### What you have to do
With pictures omitted, transcribe exactly the lines from the one containing "king online show from June 2026 09:41:01 AM" to the end of the records below.

[Crawled caption data]

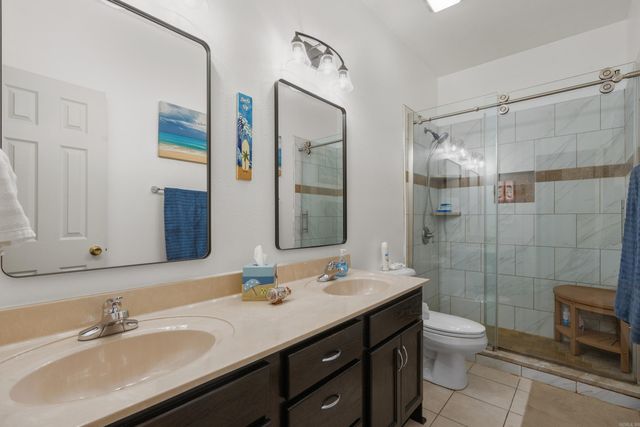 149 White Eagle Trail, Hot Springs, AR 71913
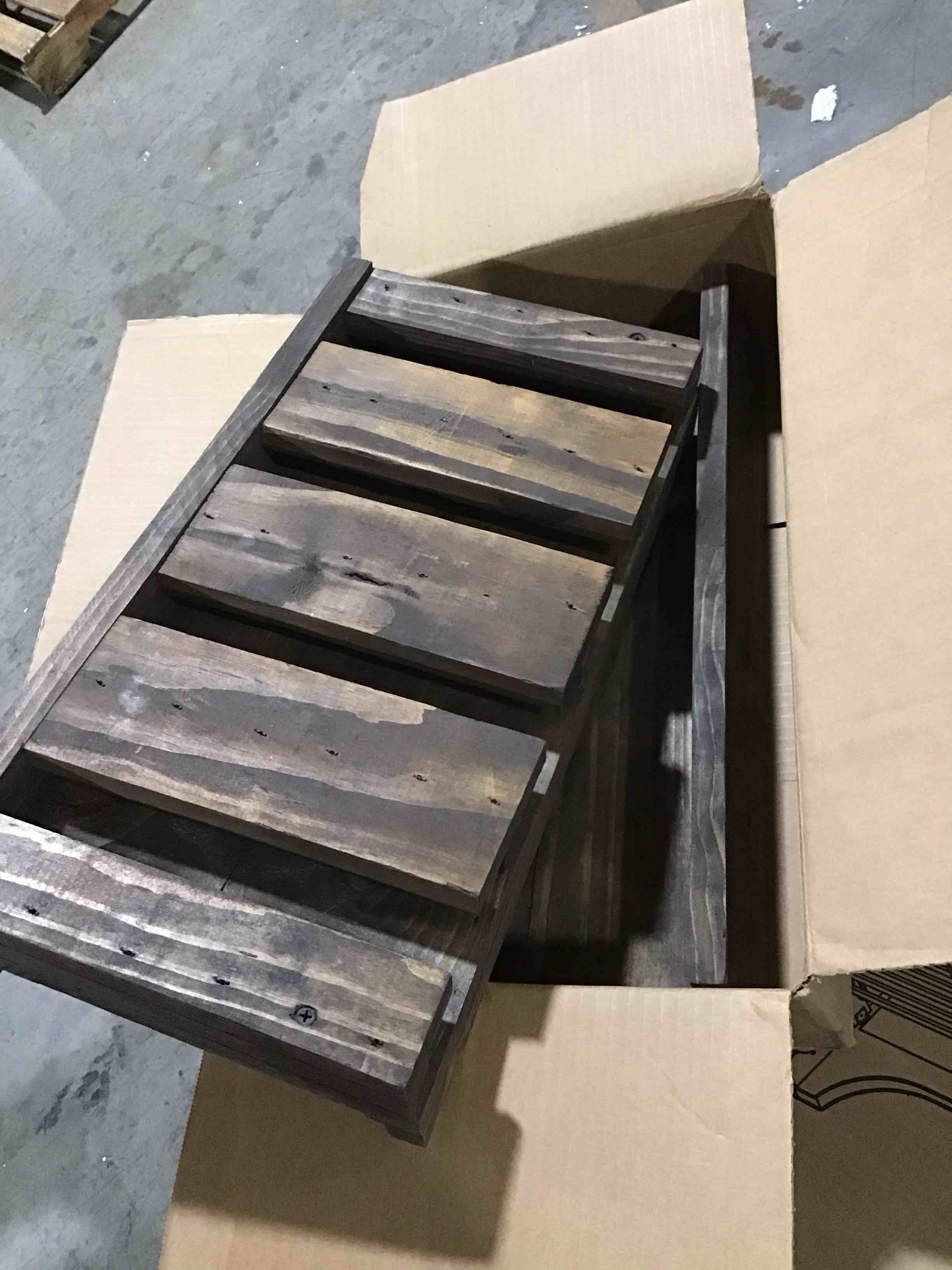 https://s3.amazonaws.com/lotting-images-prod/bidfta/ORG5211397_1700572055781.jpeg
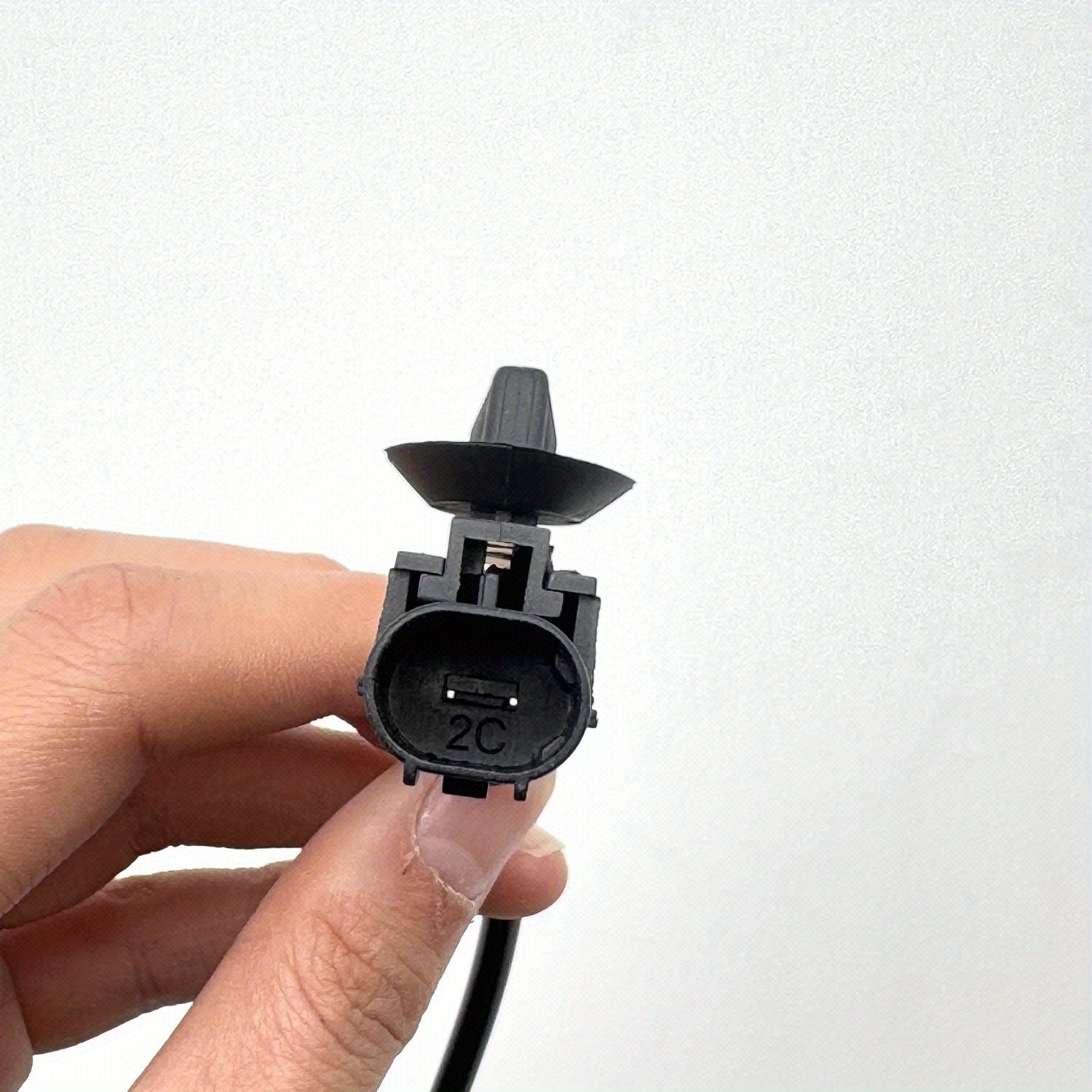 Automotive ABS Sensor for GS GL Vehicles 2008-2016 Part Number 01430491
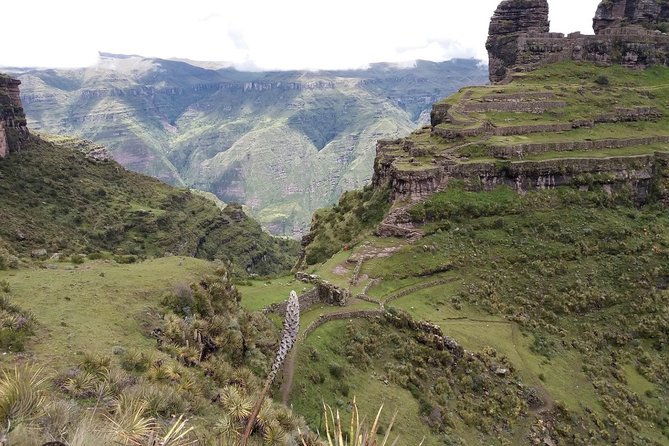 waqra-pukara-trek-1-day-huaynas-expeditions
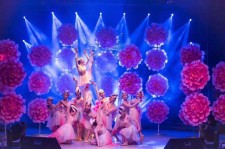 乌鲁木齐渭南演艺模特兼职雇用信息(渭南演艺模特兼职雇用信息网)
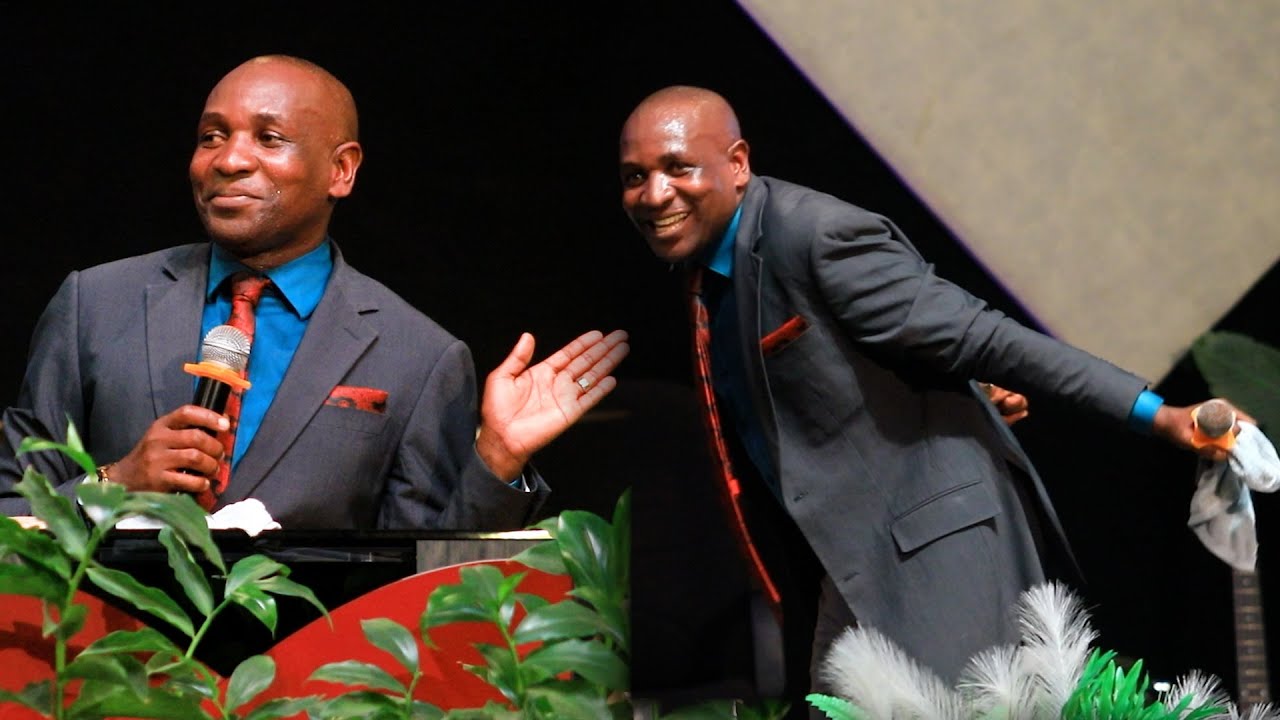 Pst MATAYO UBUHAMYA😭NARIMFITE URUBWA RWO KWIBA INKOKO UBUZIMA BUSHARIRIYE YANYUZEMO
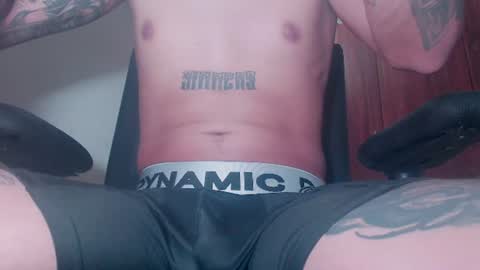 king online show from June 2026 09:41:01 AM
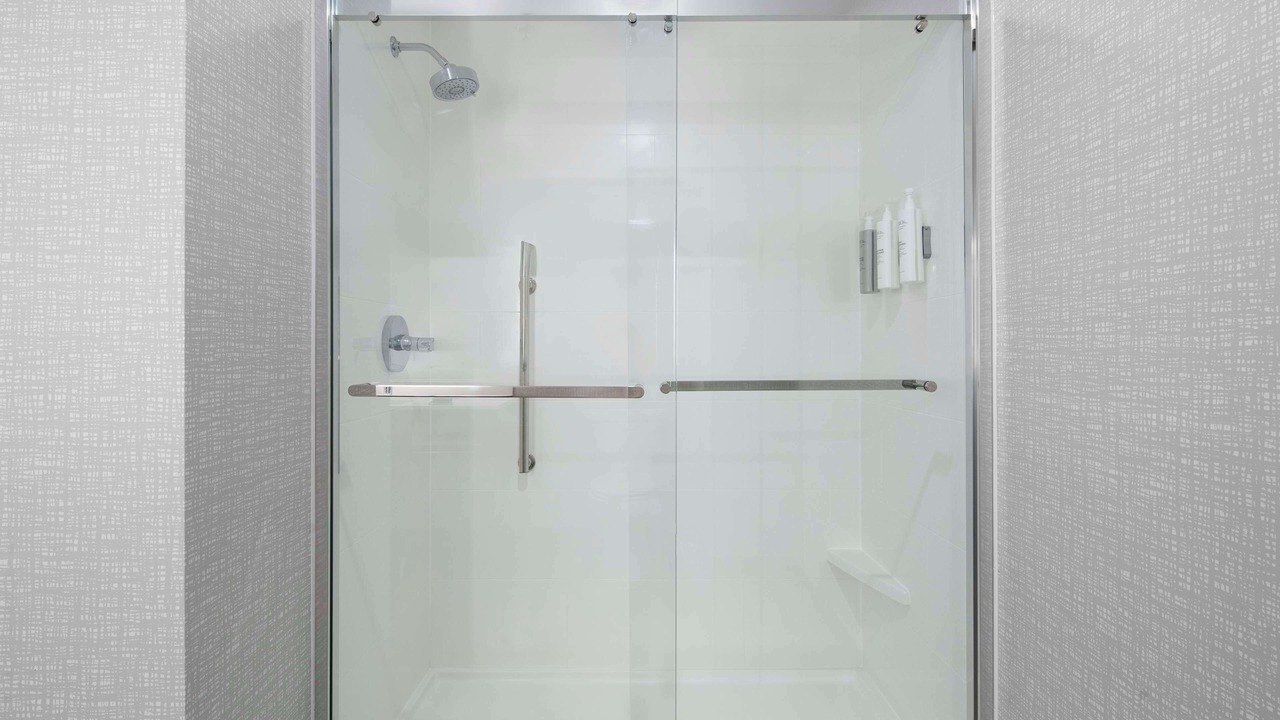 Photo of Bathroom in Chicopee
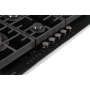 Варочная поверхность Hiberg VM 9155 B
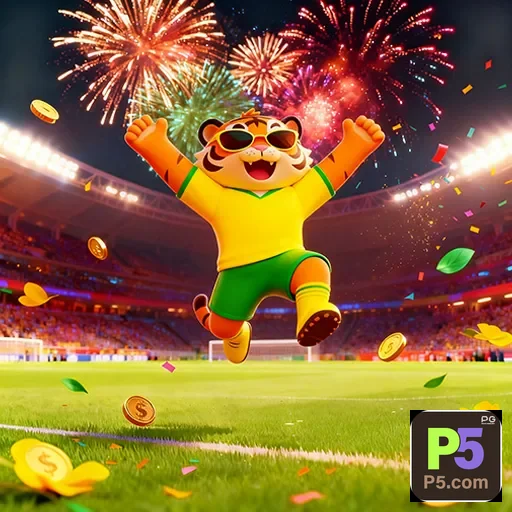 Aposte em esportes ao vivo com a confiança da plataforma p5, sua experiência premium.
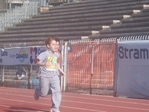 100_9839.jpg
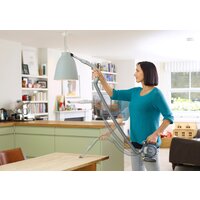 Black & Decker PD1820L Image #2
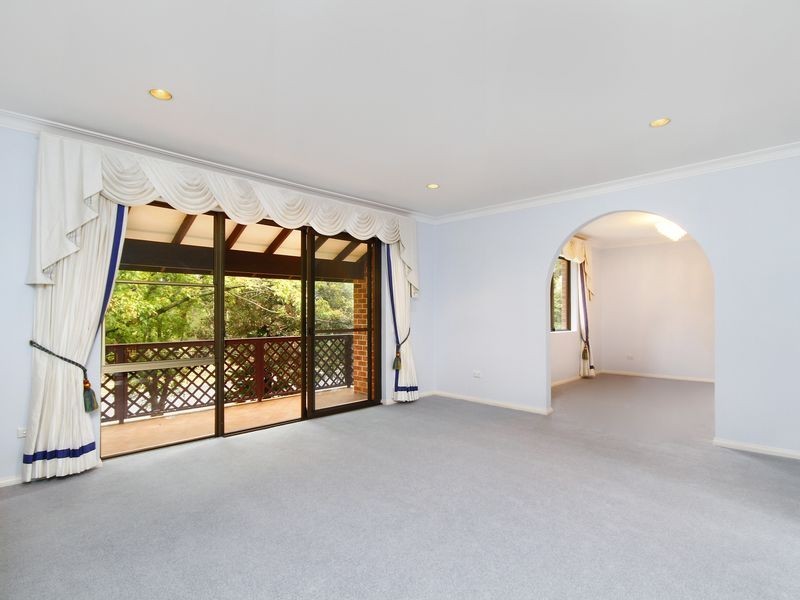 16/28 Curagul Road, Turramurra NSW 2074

### Result of the exercise
 king online show from June 2026 09:41:01 AM
 Photo of Bathroom in Chicopee
 Варочная поверхность Hiberg VM 9155 B
 Aposte em esportes ao vivo com a confiança da plataforma p5, sua experiência premium.
 100_9839.jpg
 Black & Decker PD1820L Image #2
 16/28 Curagul Road, Turramurra NSW 2074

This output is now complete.